* Your assignment
Consider the entries below. Count the lines holding the string "Retro" and state the number only.

* Data supplied

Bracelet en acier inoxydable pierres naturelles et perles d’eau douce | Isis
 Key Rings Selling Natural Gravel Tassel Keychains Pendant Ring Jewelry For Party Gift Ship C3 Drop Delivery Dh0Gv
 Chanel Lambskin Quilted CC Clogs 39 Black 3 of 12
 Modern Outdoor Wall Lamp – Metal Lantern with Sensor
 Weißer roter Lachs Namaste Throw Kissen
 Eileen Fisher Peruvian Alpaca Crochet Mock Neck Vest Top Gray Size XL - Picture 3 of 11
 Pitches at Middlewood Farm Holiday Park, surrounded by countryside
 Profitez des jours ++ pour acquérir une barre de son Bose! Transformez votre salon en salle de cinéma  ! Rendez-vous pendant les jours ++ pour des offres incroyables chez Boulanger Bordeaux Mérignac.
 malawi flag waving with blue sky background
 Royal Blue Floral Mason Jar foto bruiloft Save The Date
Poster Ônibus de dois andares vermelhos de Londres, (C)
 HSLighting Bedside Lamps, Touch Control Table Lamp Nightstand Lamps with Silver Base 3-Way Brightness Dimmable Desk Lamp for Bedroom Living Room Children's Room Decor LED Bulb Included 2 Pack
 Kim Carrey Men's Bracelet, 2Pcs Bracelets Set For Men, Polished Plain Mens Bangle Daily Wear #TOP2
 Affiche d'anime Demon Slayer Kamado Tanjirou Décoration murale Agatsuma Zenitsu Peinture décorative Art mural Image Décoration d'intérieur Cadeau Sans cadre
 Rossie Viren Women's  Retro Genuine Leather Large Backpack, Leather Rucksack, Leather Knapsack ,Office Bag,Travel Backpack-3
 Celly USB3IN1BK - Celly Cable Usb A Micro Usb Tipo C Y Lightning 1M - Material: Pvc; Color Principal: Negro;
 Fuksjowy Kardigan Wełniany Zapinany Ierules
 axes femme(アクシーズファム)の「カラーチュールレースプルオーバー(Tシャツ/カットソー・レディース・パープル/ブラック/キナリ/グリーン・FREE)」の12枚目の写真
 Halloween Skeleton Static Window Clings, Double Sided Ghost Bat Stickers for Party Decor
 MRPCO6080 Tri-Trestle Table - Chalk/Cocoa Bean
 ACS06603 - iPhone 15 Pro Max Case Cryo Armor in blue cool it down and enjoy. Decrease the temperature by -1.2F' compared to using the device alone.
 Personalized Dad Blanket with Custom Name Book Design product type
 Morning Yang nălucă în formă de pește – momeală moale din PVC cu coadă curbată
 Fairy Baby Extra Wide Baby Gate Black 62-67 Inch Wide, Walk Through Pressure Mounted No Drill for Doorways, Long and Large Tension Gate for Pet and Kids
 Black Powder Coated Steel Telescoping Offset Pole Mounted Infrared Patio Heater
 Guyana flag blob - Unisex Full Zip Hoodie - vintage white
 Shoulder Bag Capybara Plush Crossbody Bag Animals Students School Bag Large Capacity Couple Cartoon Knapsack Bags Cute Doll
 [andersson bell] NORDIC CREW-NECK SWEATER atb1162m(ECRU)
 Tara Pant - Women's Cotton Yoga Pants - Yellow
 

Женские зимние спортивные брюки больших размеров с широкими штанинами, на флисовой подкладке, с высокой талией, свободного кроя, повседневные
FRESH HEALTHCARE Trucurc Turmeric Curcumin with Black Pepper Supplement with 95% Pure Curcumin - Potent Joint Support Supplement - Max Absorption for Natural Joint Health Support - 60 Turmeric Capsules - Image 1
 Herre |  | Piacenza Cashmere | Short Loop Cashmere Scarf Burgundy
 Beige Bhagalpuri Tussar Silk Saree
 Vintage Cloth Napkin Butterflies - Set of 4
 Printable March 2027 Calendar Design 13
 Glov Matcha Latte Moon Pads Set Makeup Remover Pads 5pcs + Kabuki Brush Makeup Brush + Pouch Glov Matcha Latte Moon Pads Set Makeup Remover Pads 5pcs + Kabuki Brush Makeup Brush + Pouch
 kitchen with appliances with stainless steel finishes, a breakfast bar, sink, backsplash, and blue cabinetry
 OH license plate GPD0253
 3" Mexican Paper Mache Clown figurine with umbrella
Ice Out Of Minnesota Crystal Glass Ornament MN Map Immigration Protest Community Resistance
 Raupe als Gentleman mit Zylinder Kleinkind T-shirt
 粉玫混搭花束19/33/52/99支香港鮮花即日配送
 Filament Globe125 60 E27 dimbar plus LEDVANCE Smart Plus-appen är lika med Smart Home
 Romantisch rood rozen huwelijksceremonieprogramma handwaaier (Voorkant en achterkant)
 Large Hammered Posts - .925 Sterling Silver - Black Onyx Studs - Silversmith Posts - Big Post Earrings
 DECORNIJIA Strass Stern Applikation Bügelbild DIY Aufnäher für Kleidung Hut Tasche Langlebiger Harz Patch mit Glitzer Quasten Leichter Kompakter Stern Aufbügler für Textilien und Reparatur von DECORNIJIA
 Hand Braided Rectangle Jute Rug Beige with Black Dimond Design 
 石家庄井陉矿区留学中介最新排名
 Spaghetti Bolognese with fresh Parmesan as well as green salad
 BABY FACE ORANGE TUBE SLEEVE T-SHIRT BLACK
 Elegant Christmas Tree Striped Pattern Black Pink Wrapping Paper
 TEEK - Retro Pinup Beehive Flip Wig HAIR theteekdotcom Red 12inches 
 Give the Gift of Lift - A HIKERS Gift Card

* Task answer
2